Welcome! Like you I'm new here. It's definately not a "who you know" deal. I just got some African Mantids last week from MANTISPLACE.COM. My mantids and everything else I needed to get started cost me less than a hundred bucks. This is a great forum and many of the members have tons of knowledge about mantids and there housekeeping. Every questioned I've asked has been answered quickly. I've yet too encounter a "snooty" attitude from any member. People who have been doing this for years and years are completely willing to help you get going.

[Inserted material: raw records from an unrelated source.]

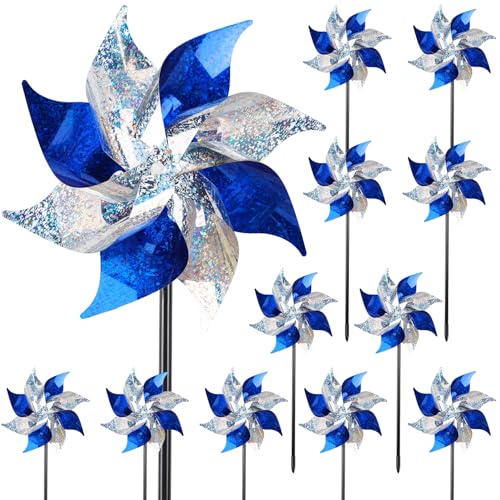 Hausse 12 Pack Reflective Blue Pinwheels with Stakes (Pre-assembled) Extra Sparkly Pin Wheel for Garden Decor Bird Repellent Devices Deterrent to Scare Birds Away from Yard Patio Farm Silver & Blue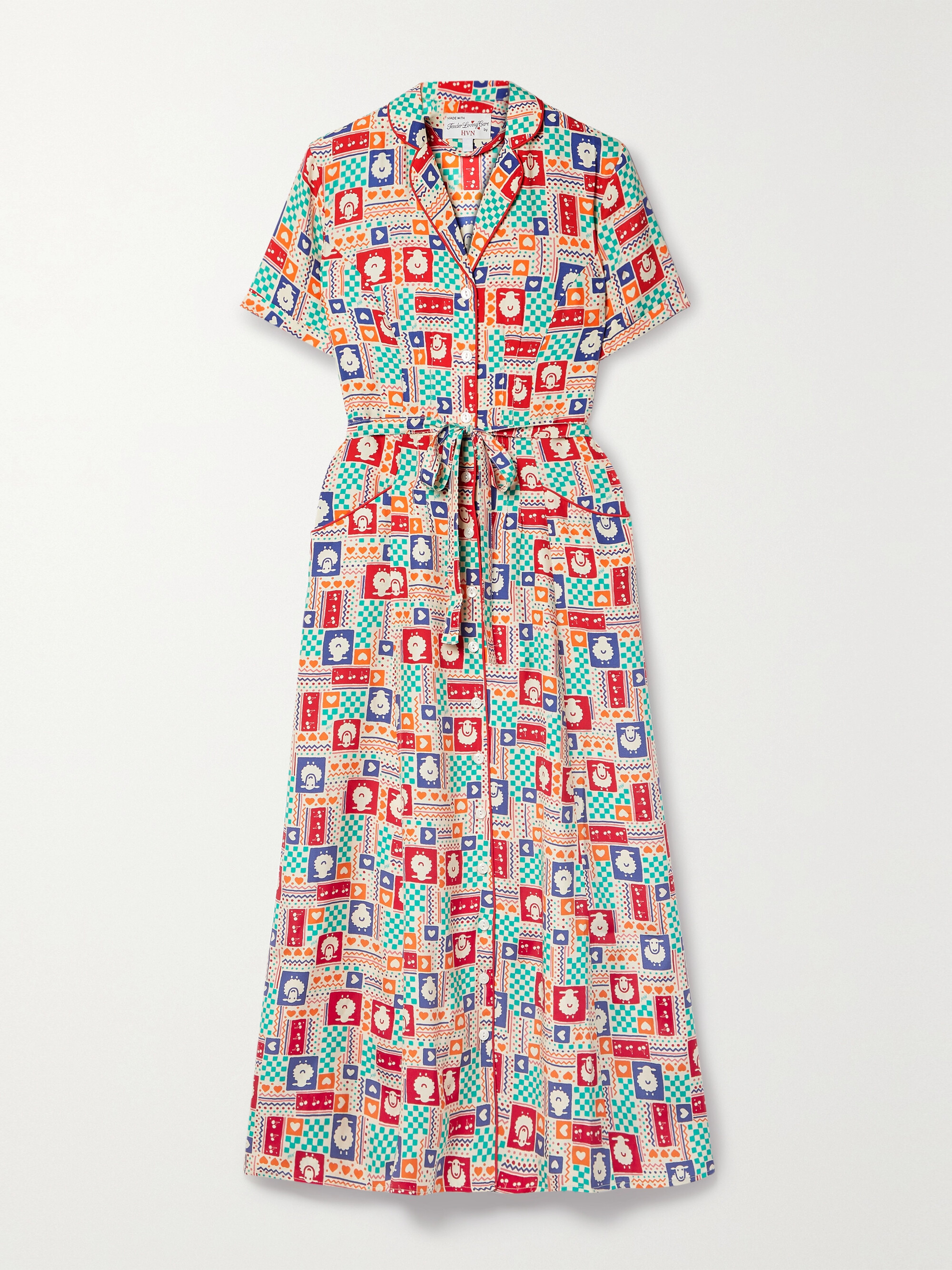 HVN Long Maria printed silk crepe de chine midi shirt dress thumbnail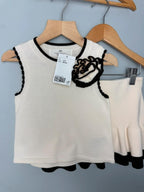 NEW H&M Cream & Black Floral Knit Co - ord Top & Skirt Set - Girls 2 - 3 Years - Discounted high street clothing for children, ladies and men including everyday wear and seasonal styles. UK online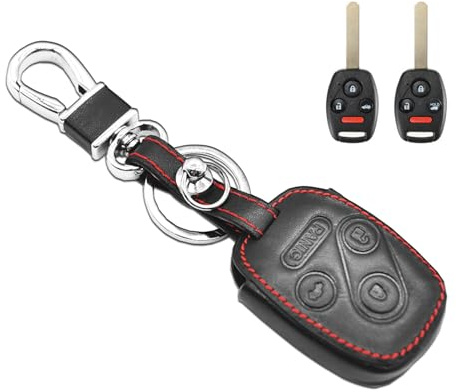 MECHCOS Compatible with Honda Accord Civic Pilot CR-V Element Accord Crosstour Fit Odyssey Ridgeline TL TSX ZDX Clarity Key Fob Cover Case Leather Smart Keyless Entry Remote Pouch Bag Protector Shell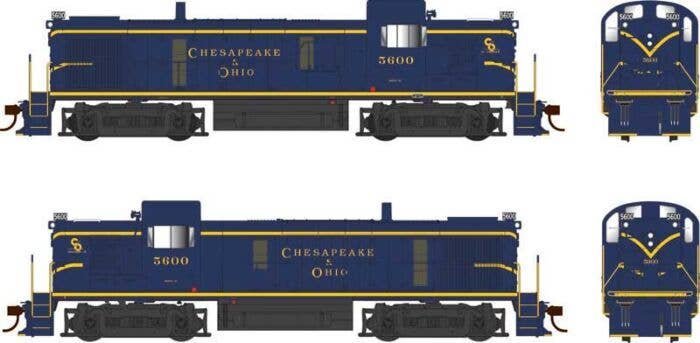 Alco RS3 Phase 3 - Standard DC -- Chesapeake & Ohio 5600 (As-Delivered, blue, yellow), HO, Bowser Manufacturing Co. 25193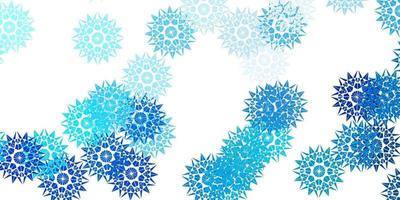 lichtblauw vector doodle sjabloon met bloemen.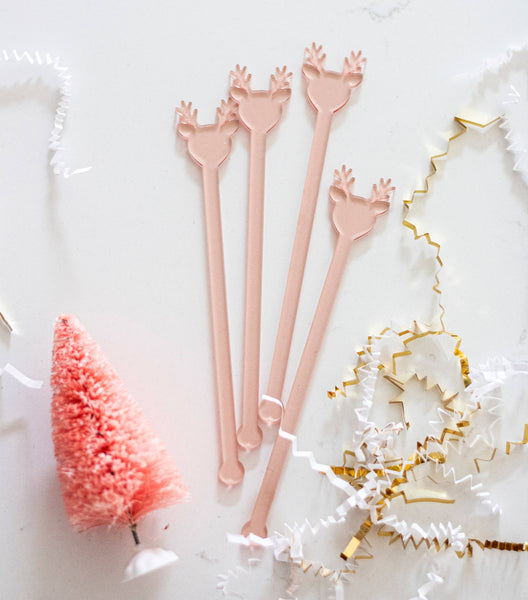 PINK CHRISTMAS ACRYLIC STIR STICKS ASSORTED-BARWARE-MODE-Couture-Boutique-Womens-Clothing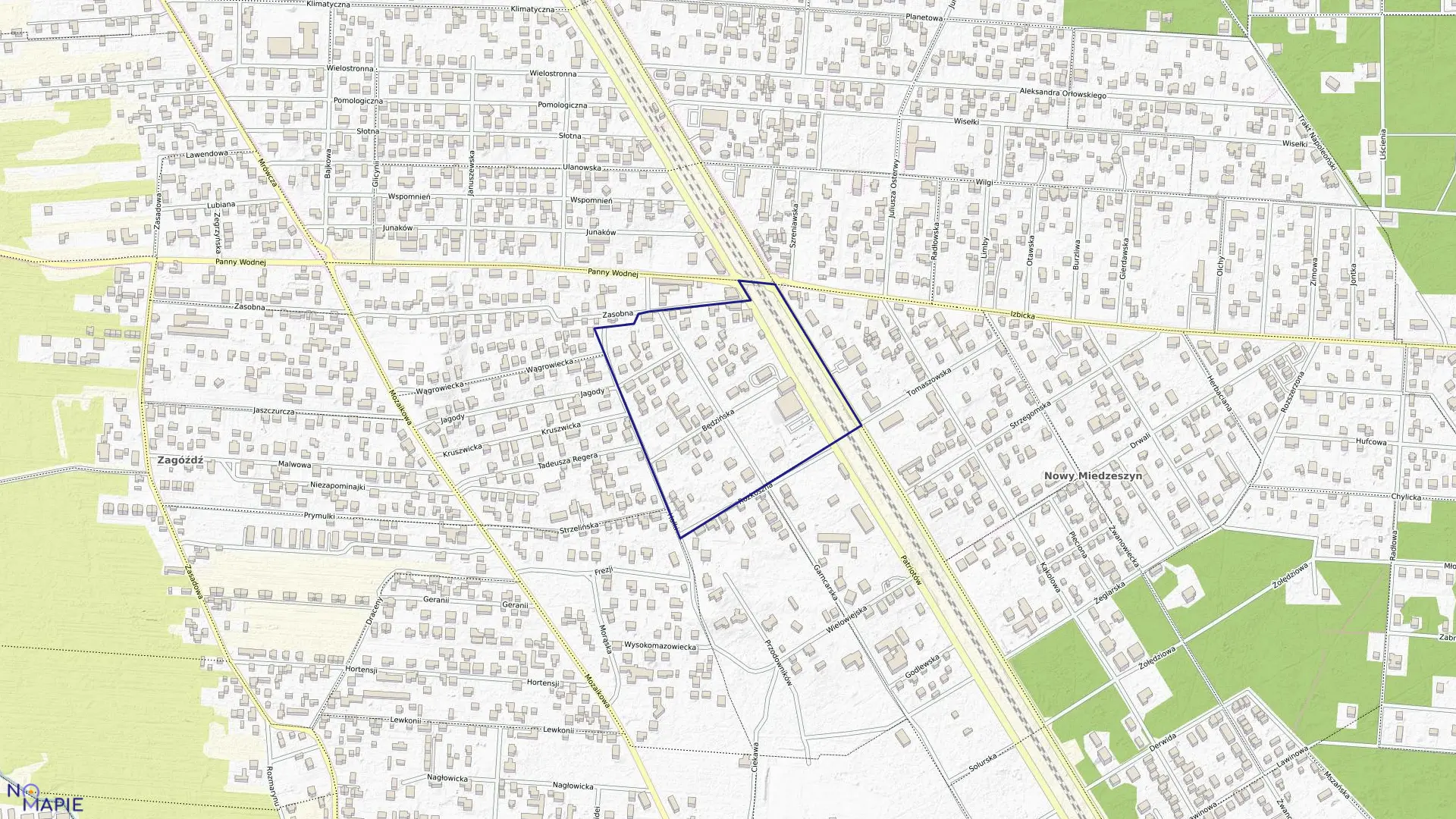 Mapa obrębu 3-12-40 w mieście Warszawa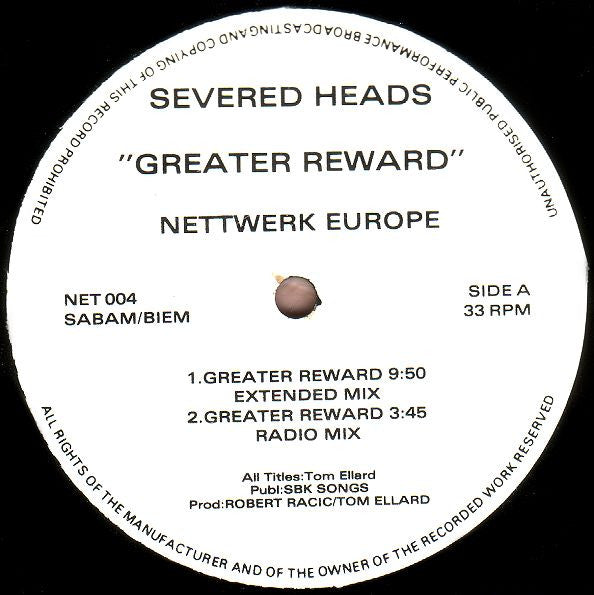 Severed Heads : Greater Reward (12")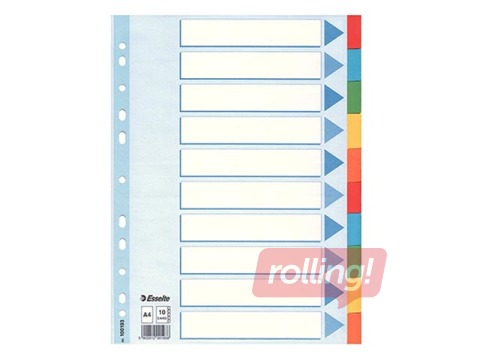 Document divider Esselte,PP, A4, 10 sections, colored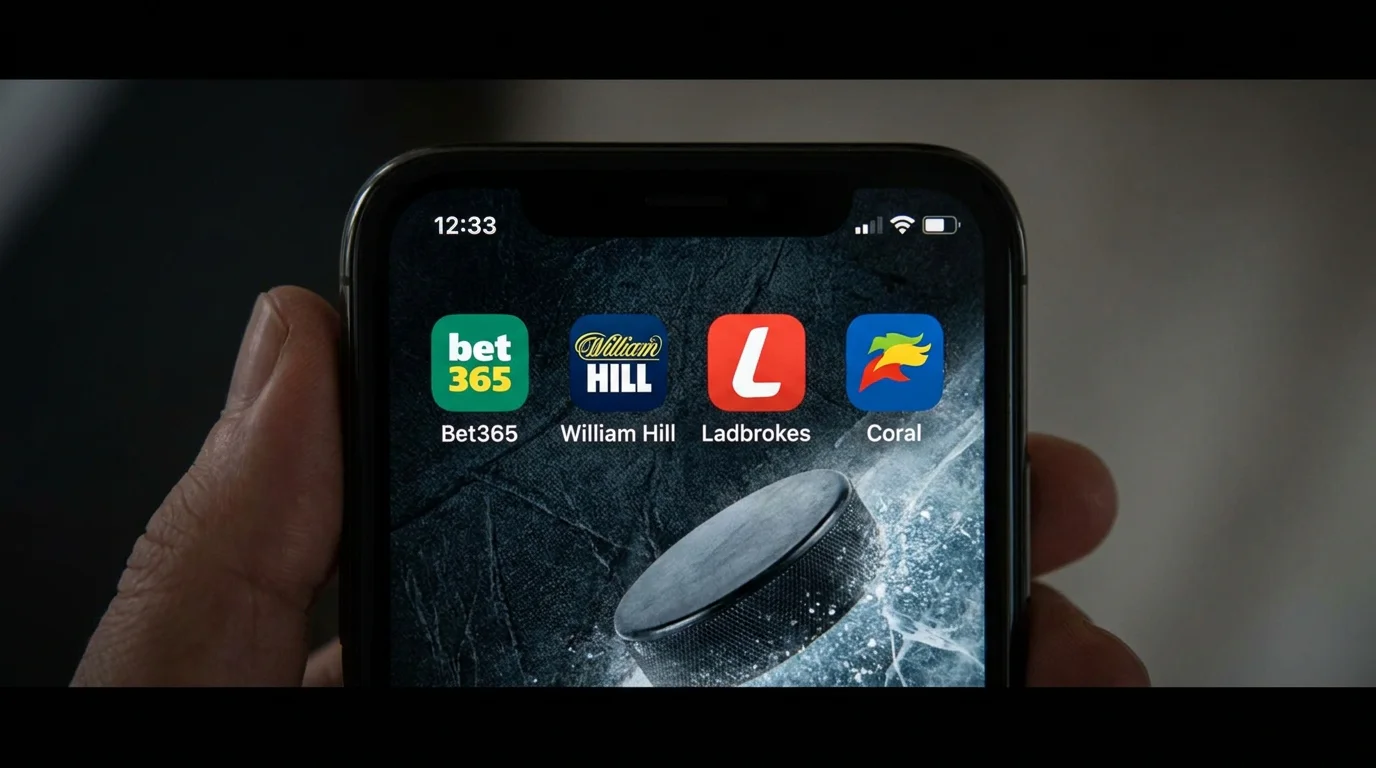 Three UK betting apps installed on a phone home screen ready for NHL comparison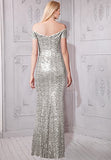 Sumintras Fabulous Sequined Off-The-Shoulder Sweetheart Sequin Long Formal Form Fitting Prom Evening Dress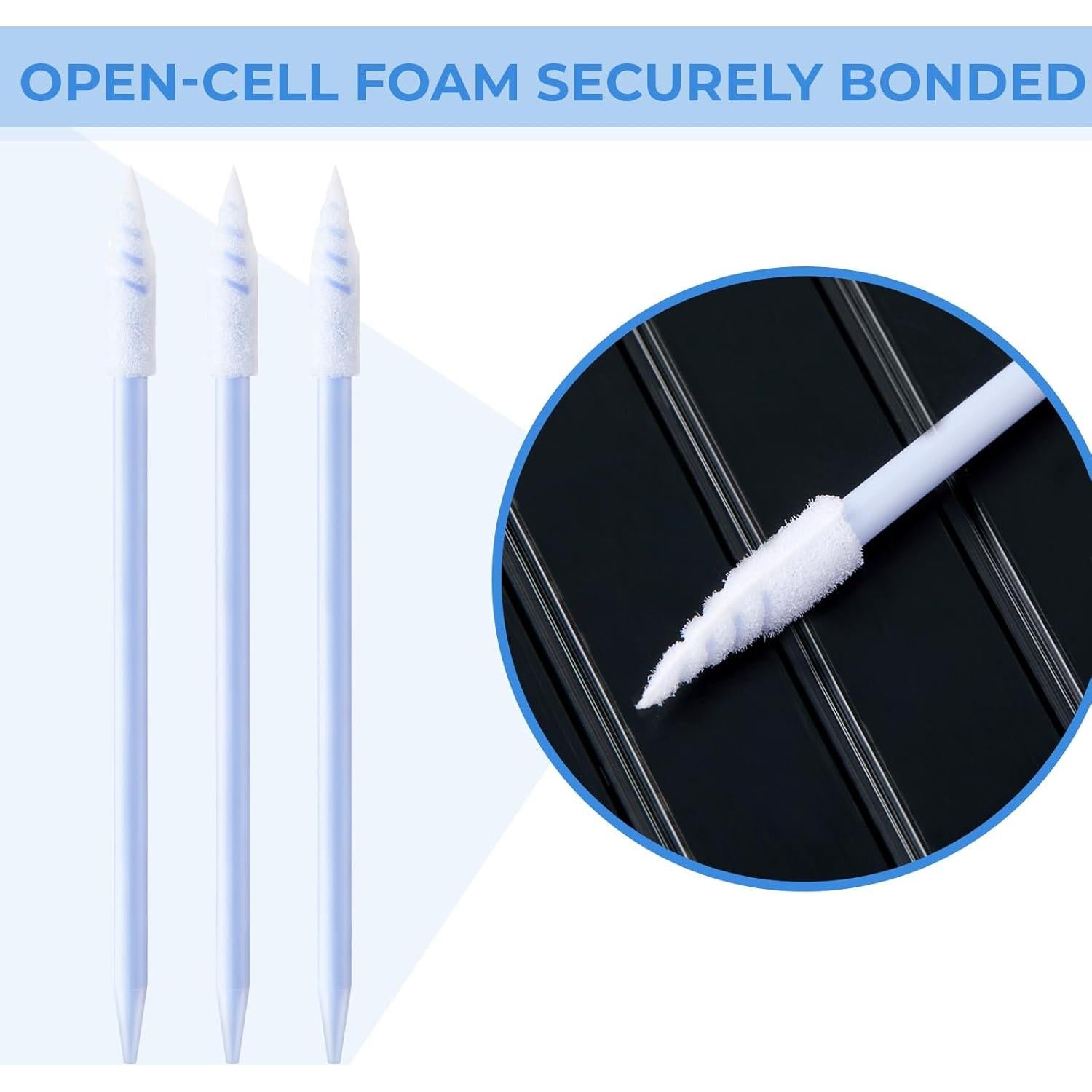 Chinco 200 Hisopos de Limpieza de Espuma 6.5 cm Azul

This forum is just great, but, when you get some mantids it's 200% better.

Enjoy yourself!

p.s I believe there are many members from Ohio. In fact, MANTISPLACE.COM, ships from Ohio. Medina Ohio I think.


----------



## ismart (Jan 21, 2010)

Welcome to the forum!


----------



## mantidsaresweet (Jan 21, 2010)

Hey I'm live in Ohio. Around the Dayton area. Glad to see another Ohio forum member and welcome!


----------



## ZoeRipper (Jan 21, 2010)

Welcome!

Mantisplace.com is indeed wonderful, I highly recommend her!


----------



## PhilinYuma (Jan 21, 2010)

Welcome from Yuma, AZ!


----------



## revmdn (Jan 21, 2010)

Welcome.


----------



## Katnapper (Jan 21, 2010)

Hello and welcome to the forum!  Glad you found us, and nice to have you here. Looking forward to seeing you around on the boards.


----------



## Rick (Jan 22, 2010)

Welcome. Plenty of mantids available here in the classifieds. Also a few members in OH.


----------



## hibiscusmile (Jan 22, 2010)

Welcome to another Ohio Buckeye! from u know where? OHIO!


----------